[Task item] Retype all of the data exactly as given.

>>>>>

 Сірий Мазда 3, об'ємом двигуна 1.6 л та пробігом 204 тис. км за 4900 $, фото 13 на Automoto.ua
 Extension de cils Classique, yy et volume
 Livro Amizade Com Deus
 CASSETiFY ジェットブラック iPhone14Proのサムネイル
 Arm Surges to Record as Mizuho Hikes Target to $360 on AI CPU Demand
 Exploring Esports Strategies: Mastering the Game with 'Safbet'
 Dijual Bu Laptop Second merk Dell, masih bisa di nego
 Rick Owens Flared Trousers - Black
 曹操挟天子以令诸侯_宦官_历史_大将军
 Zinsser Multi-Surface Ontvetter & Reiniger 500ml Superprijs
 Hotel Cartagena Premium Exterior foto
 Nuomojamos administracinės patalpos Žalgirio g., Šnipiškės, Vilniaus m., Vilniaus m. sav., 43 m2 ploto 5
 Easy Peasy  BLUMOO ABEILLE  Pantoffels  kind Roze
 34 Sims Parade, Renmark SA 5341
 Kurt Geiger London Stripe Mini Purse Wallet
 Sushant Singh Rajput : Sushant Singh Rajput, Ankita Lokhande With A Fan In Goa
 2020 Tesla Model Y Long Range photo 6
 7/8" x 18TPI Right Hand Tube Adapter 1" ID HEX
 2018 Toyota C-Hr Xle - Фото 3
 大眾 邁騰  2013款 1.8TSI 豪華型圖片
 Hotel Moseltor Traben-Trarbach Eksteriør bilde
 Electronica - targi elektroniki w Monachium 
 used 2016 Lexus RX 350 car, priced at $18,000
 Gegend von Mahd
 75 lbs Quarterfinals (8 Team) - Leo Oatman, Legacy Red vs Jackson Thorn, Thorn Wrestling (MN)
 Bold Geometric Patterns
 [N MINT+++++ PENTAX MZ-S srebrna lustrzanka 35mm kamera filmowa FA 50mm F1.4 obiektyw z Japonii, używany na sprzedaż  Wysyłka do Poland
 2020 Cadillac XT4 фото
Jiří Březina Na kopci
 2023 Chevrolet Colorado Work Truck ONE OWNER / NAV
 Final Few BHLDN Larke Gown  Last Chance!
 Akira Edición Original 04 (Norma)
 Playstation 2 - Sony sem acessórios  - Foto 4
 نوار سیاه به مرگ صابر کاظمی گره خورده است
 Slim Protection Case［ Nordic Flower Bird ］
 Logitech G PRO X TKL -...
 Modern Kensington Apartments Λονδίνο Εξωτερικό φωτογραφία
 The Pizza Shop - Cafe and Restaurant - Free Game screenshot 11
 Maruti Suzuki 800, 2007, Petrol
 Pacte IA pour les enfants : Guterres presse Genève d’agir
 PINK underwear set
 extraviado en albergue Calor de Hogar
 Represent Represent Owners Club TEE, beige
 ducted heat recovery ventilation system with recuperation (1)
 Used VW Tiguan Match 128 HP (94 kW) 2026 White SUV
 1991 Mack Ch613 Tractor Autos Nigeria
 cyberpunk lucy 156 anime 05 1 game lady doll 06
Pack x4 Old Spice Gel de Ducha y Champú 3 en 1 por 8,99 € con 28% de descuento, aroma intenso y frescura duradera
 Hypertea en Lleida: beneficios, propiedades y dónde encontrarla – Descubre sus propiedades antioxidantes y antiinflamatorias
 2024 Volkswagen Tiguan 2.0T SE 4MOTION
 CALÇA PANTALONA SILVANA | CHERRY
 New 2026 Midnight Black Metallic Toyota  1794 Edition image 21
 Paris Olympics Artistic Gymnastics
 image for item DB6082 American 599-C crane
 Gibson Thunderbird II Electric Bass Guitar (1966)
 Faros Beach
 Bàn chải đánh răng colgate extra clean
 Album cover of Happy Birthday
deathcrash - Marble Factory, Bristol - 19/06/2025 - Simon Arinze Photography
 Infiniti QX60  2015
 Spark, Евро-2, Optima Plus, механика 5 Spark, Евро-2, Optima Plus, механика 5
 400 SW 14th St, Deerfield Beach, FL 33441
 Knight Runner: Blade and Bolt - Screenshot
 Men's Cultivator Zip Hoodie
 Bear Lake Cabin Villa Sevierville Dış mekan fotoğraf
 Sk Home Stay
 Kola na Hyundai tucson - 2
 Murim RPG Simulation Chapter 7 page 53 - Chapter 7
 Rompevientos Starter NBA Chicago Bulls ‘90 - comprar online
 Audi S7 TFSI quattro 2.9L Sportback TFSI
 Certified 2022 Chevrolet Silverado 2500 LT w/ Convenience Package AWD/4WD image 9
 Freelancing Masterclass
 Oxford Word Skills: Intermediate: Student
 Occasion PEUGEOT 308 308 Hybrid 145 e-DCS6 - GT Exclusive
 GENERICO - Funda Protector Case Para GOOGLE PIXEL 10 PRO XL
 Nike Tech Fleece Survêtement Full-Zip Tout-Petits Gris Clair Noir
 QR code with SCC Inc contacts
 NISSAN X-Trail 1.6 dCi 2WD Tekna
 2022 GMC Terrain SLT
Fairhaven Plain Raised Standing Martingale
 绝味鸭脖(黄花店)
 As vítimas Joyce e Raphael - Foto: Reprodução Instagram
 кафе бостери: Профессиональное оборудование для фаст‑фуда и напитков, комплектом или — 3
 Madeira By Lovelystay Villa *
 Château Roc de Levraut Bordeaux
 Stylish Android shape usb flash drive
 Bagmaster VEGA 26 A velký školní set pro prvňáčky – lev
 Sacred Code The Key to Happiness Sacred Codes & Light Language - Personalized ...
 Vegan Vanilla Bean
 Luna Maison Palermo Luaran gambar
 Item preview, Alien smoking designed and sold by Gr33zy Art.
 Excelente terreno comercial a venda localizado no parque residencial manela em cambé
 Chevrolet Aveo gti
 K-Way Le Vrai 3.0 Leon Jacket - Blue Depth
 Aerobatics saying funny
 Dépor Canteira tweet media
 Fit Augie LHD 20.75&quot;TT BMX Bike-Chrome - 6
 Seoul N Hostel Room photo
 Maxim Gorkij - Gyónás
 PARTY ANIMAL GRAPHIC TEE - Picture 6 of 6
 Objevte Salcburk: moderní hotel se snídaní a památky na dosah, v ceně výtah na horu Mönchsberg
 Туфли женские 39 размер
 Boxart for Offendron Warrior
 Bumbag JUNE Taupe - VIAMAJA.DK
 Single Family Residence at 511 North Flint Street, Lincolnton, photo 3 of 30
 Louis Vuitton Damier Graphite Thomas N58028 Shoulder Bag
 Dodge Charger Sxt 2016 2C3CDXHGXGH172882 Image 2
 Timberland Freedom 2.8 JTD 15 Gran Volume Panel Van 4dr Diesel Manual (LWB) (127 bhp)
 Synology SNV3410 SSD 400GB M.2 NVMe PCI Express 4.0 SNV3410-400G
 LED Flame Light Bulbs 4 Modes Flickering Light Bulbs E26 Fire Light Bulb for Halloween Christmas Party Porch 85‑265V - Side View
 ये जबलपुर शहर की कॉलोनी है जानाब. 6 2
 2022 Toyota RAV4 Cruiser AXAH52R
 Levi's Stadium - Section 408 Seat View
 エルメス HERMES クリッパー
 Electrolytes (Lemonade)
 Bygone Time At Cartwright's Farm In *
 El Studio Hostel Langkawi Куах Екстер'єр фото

<<<<<

[The answer]
 Сірий Мазда 3, об'ємом двигуна 1.6 л та пробігом 204 тис. км за 4900 $, фото 13 на Automoto.ua
 Extension de cils Classique, yy et volume
 Livro Amizade Com Deus
 CASSETiFY ジェットブラック iPhone14Proのサムネイル
 Arm Surges to Record as Mizuho Hikes Target to $360 on AI CPU Demand
 Exploring Esports Strategies: Mastering the Game with 'Safbet'
 Dijual Bu Laptop Second merk Dell, masih bisa di nego
 Rick Owens Flared Trousers - Black
 曹操挟天子以令诸侯_宦官_历史_大将军
 Zinsser Multi-Surface Ontvetter & Reiniger 500ml Superprijs
 Hotel Cartagena Premium Exterior foto
 Nuomojamos administracinės patalpos Žalgirio g., Šnipiškės, Vilniaus m., Vilniaus m. sav., 43 m2 ploto 5
 Easy Peasy  BLUMOO ABEILLE  Pantoffels  kind Roze
 34 Sims Parade, Renmark SA 5341
 Kurt Geiger London Stripe Mini Purse Wallet
 Sushant Singh Rajput : Sushant Singh Rajput, Ankita Lokhande With A Fan In Goa
 2020 Tesla Model Y Long Range photo 6
 7/8" x 18TPI Right Hand Tube Adapter 1" ID HEX
 2018 Toyota C-Hr Xle - Фото 3
 大眾 邁騰  2013款 1.8TSI 豪華型圖片
 Hotel Moseltor Traben-Trarbach Eksteriør bilde
 Electronica - targi elektroniki w Monachium 
 used 2016 Lexus RX 350 car, priced at $18,000
 Gegend von Mahd
 75 lbs Quarterfinals (8 Team) - Leo Oatman, Legacy Red vs Jackson Thorn, Thorn Wrestling (MN)
 Bold Geometric Patterns
 [N MINT+++++ PENTAX MZ-S srebrna lustrzanka 35mm kamera filmowa FA 50mm F1.4 obiektyw z Japonii, używany na sprzedaż  Wysyłka do Poland
 2020 Cadillac XT4 фото
Jiří Březina Na kopci
 2023 Chevrolet Colorado Work Truck ONE OWNER / NAV
 Final Few BHLDN Larke Gown  Last Chance!
 Akira Edición Original 04 (Norma)
 Playstation 2 - Sony sem acessórios  - Foto 4
 نوار سیاه به مرگ صابر کاظمی گره خورده است
 Slim Protection Case［ Nordic Flower Bird ］
 Logitech G PRO X TKL -...
 Modern Kensington Apartments Λονδίνο Εξωτερικό φωτογραφία
 The Pizza Shop - Cafe and Restaurant - Free Game screenshot 11
 Maruti Suzuki 800, 2007, Petrol
 Pacte IA pour les enfants : Guterres presse Genève d’agir
 PINK underwear set
 extraviado en albergue Calor de Hogar
 Represent Represent Owners Club TEE, beige
 ducted heat recovery ventilation system with recuperation (1)
 Used VW Tiguan Match 128 HP (94 kW) 2026 White SUV
 1991 Mack Ch613 Tractor Autos Nigeria
 cyberpunk lucy 156 anime 05 1 game lady doll 06
Pack x4 Old Spice Gel de Ducha y Champú 3 en 1 por 8,99 € con 28% de descuento, aroma intenso y frescura duradera
 Hypertea en Lleida: beneficios, propiedades y dónde encontrarla – Descubre sus propiedades antioxidantes y antiinflamatorias
 2024 Volkswagen Tiguan 2.0T SE 4MOTION
 CALÇA PANTALONA SILVANA | CHERRY
 New 2026 Midnight Black Metallic Toyota  1794 Edition image 21
 Paris Olympics Artistic Gymnastics
 image for item DB6082 American 599-C crane
 Gibson Thunderbird II Electric Bass Guitar (1966)
 Faros Beach
 Bàn chải đánh răng colgate extra clean
 Album cover of Happy Birthday
deathcrash - Marble Factory, Bristol - 19/06/2025 - Simon Arinze Photography
 Infiniti QX60  2015
 Spark, Евро-2, Optima Plus, механика 5 Spark, Евро-2, Optima Plus, механика 5
 400 SW 14th St, Deerfield Beach, FL 33441
 Knight Runner: Blade and Bolt - Screenshot
 Men's Cultivator Zip Hoodie
 Bear Lake Cabin Villa Sevierville Dış mekan fotoğraf
 Sk Home Stay
 Kola na Hyundai tucson - 2
 Murim RPG Simulation Chapter 7 page 53 - Chapter 7
 Rompevientos Starter NBA Chicago Bulls ‘90 - comprar online
 Audi S7 TFSI quattro 2.9L Sportback TFSI
 Certified 2022 Chevrolet Silverado 2500 LT w/ Convenience Package AWD/4WD image 9
 Freelancing Masterclass
 Oxford Word Skills: Intermediate: Student
 Occasion PEUGEOT 308 308 Hybrid 145 e-DCS6 - GT Exclusive
 GENERICO - Funda Protector Case Para GOOGLE PIXEL 10 PRO XL
 Nike Tech Fleece Survêtement Full-Zip Tout-Petits Gris Clair Noir
 QR code with SCC Inc contacts
 NISSAN X-Trail 1.6 dCi 2WD Tekna
 2022 GMC Terrain SLT
Fairhaven Plain Raised Standing Martingale
 绝味鸭脖(黄花店)
 As vítimas Joyce e Raphael - Foto: Reprodução Instagram
 кафе бостери: Профессиональное оборудование для фаст‑фуда и напитков, комплектом или — 3
 Madeira By Lovelystay Villa *
 Château Roc de Levraut Bordeaux
 Stylish Android shape usb flash drive
 Bagmaster VEGA 26 A velký školní set pro prvňáčky – lev
 Sacred Code The Key to Happiness Sacred Codes & Light Language - Personalized ...
 Vegan Vanilla Bean
 Luna Maison Palermo Luaran gambar
 Item preview, Alien smoking designed and sold by Gr33zy Art.
 Excelente terreno comercial a venda localizado no parque residencial manela em cambé
 Chevrolet Aveo gti
 K-Way Le Vrai 3.0 Leon Jacket - Blue Depth
 Aerobatics saying funny
 Dépor Canteira tweet media
 Fit Augie LHD 20.75&quot;TT BMX Bike-Chrome - 6
 Seoul N Hostel Room photo
 Maxim Gorkij - Gyónás
 PARTY ANIMAL GRAPHIC TEE - Picture 6 of 6
 Objevte Salcburk: moderní hotel se snídaní a památky na dosah, v ceně výtah na horu Mönchsberg
 Туфли женские 39 размер
 Boxart for Offendron Warrior
 Bumbag JUNE Taupe - VIAMAJA.DK
 Single Family Residence at 511 North Flint Street, Lincolnton, photo 3 of 30
 Louis Vuitton Damier Graphite Thomas N58028 Shoulder Bag
 Dodge Charger Sxt 2016 2C3CDXHGXGH172882 Image 2
 Timberland Freedom 2.8 JTD 15 Gran Volume Panel Van 4dr Diesel Manual (LWB) (127 bhp)
 Synology SNV3410 SSD 400GB M.2 NVMe PCI Express 4.0 SNV3410-400G
 LED Flame Light Bulbs 4 Modes Flickering Light Bulbs E26 Fire Light Bulb for Halloween Christmas Party Porch 85‑265V - Side View
 ये जबलपुर शहर की कॉलोनी है जानाब. 6 2
 2022 Toyota RAV4 Cruiser AXAH52R
 Levi's Stadium - Section 408 Seat View
 エルメス HERMES クリッパー
 Electrolytes (Lemonade)
 Bygone Time At Cartwright's Farm In *
 El Studio Hostel Langkawi Куах Екстер'єр фото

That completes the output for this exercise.